What needs to be done
The answer must consist solely of the lines from the line with "Door 1 x 5 x" to the end of the data below, transcribed exactly and with no pictures.

(Beginning of Data provided)

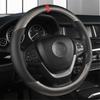 Carbon Fiber 15 In Car Steering Wheel Cover Black Leather Interior Decoration US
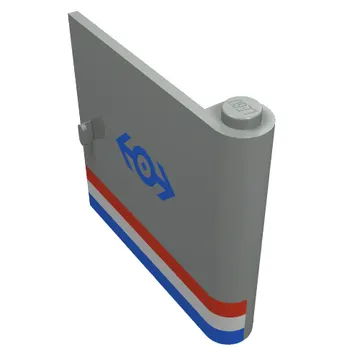 Door 1 x 5 x 4 Right with Red/White/Blue Stripe & Blue Train Logo Print
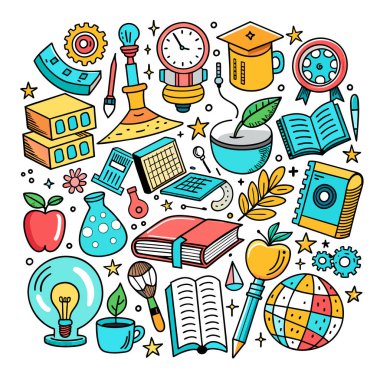 Vector Set Eğitim ve Öğrenim İllüstrasyonu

(End of Data provided)

Answer for the task
 Door 1 x 5 x 4 Right with Red/White/Blue Stripe & Blue Train Logo Print
 Vector Set Eğitim ve Öğrenim İllüstrasyonu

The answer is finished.